Sequence Operations Representation in Clef

Sequence Operations Representation in Clef

Status: Normative Last Updated: 2026-01-19 Depends On: Closure Representation, Seq Representation

1. Overview

Clef implements sequence operations (Seq.map, Seq.filter, Seq.take, Seq.fold, Seq.collect) as wrapper sequences that compose the flat closure architecture. This chapter specifies the memory representation, copy semantics, and composition model for sequence transformations.

Key Insight: Seq operations create wrapper sequences that contain both an inner sequence AND a transformation closure, both inlined (copied by value), following the flat closure model.

2. Relationship to Prior Chapters

Sequence operations build on:

Progressive Extension Pattern:

PRD-11 (Closures)     → Flat closure: {code_ptr, cap₀, cap₁, ...}
         ↓ extends
PRD-14 (Lazy)         → Extended closure: {computed, value, code_ptr, cap₀...}
         ↓ extends
PRD-15 (SimpleSeq)    → State machine: {state, current, code_ptr, cap₀..., internal₀...}
         ↓ composes
PRD-16 (SeqOperations)→ Wrapper seq: {state, current, code_ptr, inner_seq, closure}

3. Operation Classification

3.1 Transformers vs Consumers

CategoryOperationsBehaviorReturns
TransformerSeq.map, Seq.filter, Seq.takeCreates wrapper sequenceseq<'T>
ConsumerSeq.foldEagerly iterates, accumulates'S
Nested TransformerSeq.collectCreates wrapper with nested iterationseq<'T>

Transformers create a new seq struct that wraps the input sequence. Iteration is lazy.

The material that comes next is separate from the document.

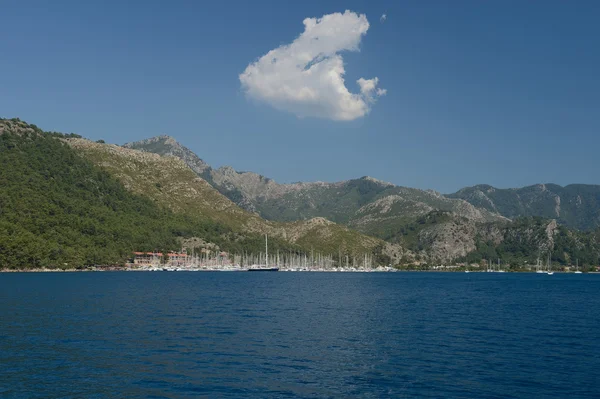 Turkiet, marmaris, marina båtar i hamnen — Stockfoto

Consumers immediately iterate the input sequence and return a non-sequence value.

3.2 Closure Requirements

Each operation takes a function argument:

OperationFunction TypeRole
Seq.map'a -> 'bMapper - transforms each element
Seq.filter'a -> boolPredicate - selects matching elements
Seq.take(none)Count parameter, not a closure
Seq.fold's -> 'a -> 'sFolder - accumulates state
Seq.collect'a -> seq<'b>Mapper - produces inner sequences

These function arguments are flat closures (per Closure Representation) and may capture variables from their defining scope.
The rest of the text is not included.